- PROVIDED MATERIAL:
- - -

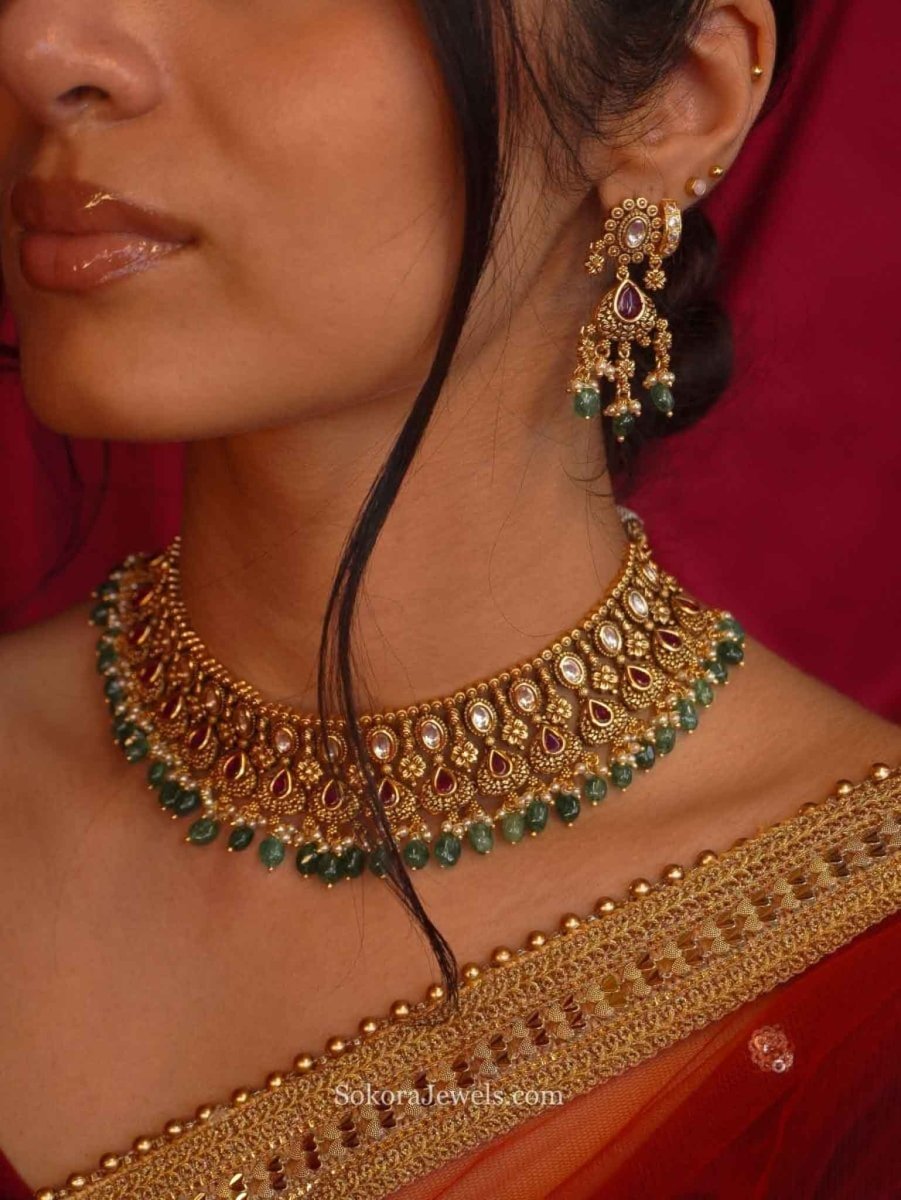 Kundan Choker set - Ruby & Green - SOKORA JEWELSKundan Choker set - Ruby & GreenNECKLACE SETS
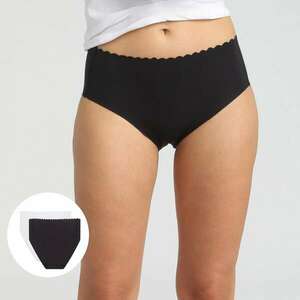 DIM BODY TOUCH HIGH BRIEF 2x - Women's cotton panties with higher waist 2 - black - white kép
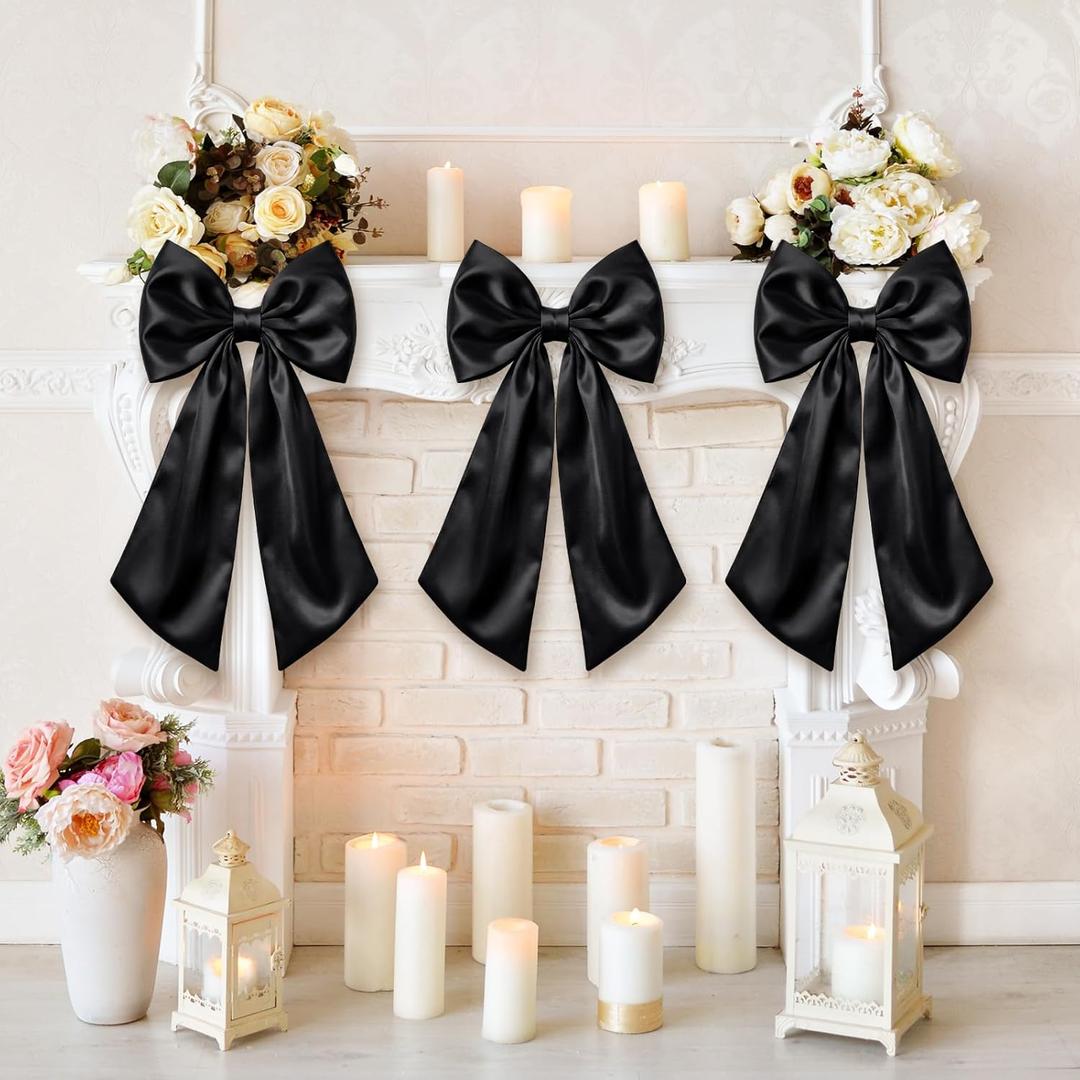 3 Pcs 2 FT Large Bow Decorations Big Satin Bows Hanging Wall Decors for Room Fireplace Coquette Birthday Backdrop Bridal Shower Wedding Bachelorette Christmas Party Supplies(Black)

- - -

- TASK INSTRUCTIONS: An exact copy of the listing is required, excluding any pictures.

- WORKED SOLUTION:
 Kundan Choker set - Ruby & Green - SOKORA JEWELSKundan Choker set - Ruby & GreenNECKLACE SETS
 DIM BODY TOUCH HIGH BRIEF 2x - Women's cotton panties with higher waist 2 - black - white kép
 3 Pcs 2 FT Large Bow Decorations Big Satin Bows Hanging Wall Decors for Room Fireplace Coquette Birthday Backdrop Bridal Shower Wedding Bachelorette Christmas Party Supplies(Black)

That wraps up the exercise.